(Caption-style text data)
--- START ---

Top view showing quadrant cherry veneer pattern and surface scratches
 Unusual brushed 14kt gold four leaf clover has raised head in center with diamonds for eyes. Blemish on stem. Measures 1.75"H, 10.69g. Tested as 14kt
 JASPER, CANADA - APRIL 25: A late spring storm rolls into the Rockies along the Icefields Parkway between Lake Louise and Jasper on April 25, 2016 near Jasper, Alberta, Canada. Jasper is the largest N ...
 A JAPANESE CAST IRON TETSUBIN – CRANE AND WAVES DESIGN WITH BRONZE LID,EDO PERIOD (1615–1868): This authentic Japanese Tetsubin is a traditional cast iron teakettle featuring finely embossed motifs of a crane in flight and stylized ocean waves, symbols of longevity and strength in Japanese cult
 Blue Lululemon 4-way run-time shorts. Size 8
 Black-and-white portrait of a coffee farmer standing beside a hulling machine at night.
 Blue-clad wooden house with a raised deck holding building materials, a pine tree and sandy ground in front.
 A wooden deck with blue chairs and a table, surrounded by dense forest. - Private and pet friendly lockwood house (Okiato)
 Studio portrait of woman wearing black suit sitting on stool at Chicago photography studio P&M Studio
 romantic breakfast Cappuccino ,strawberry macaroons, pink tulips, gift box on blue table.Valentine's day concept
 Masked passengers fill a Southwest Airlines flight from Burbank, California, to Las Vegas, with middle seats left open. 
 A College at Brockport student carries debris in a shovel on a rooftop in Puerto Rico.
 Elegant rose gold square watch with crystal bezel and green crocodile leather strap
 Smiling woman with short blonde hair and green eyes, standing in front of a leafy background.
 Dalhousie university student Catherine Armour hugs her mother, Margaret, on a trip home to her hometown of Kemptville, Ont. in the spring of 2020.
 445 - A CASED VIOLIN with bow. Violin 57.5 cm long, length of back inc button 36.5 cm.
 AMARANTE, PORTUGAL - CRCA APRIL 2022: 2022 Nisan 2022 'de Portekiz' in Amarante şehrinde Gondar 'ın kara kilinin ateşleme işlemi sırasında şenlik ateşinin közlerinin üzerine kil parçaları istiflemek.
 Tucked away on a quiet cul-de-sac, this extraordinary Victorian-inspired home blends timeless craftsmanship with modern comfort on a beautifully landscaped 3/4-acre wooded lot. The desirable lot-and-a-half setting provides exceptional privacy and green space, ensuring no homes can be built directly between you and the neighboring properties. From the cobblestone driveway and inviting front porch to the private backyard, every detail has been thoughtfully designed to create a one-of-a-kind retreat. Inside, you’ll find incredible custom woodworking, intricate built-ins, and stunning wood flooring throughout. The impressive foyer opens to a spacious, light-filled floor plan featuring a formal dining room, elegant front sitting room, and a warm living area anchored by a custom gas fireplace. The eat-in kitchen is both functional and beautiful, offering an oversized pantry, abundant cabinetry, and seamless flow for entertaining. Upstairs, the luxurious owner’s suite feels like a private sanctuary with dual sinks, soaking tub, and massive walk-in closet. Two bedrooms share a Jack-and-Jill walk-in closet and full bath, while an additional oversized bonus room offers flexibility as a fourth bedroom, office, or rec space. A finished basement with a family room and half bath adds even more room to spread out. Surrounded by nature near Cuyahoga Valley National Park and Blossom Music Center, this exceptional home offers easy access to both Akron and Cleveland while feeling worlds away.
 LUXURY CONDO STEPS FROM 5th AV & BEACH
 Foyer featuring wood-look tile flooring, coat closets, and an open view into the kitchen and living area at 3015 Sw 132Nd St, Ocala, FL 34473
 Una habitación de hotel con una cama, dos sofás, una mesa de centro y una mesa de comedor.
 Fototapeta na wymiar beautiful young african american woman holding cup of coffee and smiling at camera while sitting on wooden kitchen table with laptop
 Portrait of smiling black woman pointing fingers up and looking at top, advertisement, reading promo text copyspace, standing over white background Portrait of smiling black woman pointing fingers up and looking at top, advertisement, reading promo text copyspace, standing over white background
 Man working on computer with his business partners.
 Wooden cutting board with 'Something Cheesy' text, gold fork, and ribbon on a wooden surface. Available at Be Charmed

--- END ---

- **What you will do**
Take the entries above and return only the lines from the one with "A JAPANESE CAST" to the one with "AMARANTE, PORTUGAL - CRCA", both included, unchanged.

- **Response area**
 A JAPANESE CAST IRON TETSUBIN – CRANE AND WAVES DESIGN WITH BRONZE LID,EDO PERIOD (1615–1868): This authentic Japanese Tetsubin is a traditional cast iron teakettle featuring finely embossed motifs of a crane in flight and stylized ocean waves, symbols of longevity and strength in Japanese cult
 Blue Lululemon 4-way run-time shorts. Size 8
 Black-and-white portrait of a coffee farmer standing beside a hulling machine at night.
 Blue-clad wooden house with a raised deck holding building materials, a pine tree and sandy ground in front.
 A wooden deck with blue chairs and a table, surrounded by dense forest. - Private and pet friendly lockwood house (Okiato)
 Studio portrait of woman wearing black suit sitting on stool at Chicago photography studio P&M Studio
 romantic breakfast Cappuccino ,strawberry macaroons, pink tulips, gift box on blue table.Valentine's day concept
 Masked passengers fill a Southwest Airlines flight from Burbank, California, to Las Vegas, with middle seats left open. 
 A College at Brockport student carries debris in a shovel on a rooftop in Puerto Rico.
 Elegant rose gold square watch with crystal bezel and green crocodile leather strap
 Smiling woman with short blonde hair and green eyes, standing in front of a leafy background.
 Dalhousie university student Catherine Armour hugs her mother, Margaret, on a trip home to her hometown of Kemptville, Ont. in the spring of 2020.
 445 - A CASED VIOLIN with bow. Violin 57.5 cm long, length of back inc button 36.5 cm.
 AMARANTE, PORTUGAL - CRCA APRIL 2022: 2022 Nisan 2022 'de Portekiz' in Amarante şehrinde Gondar 'ın kara kilinin ateşleme işlemi sırasında şenlik ateşinin közlerinin üzerine kil parçaları istiflemek.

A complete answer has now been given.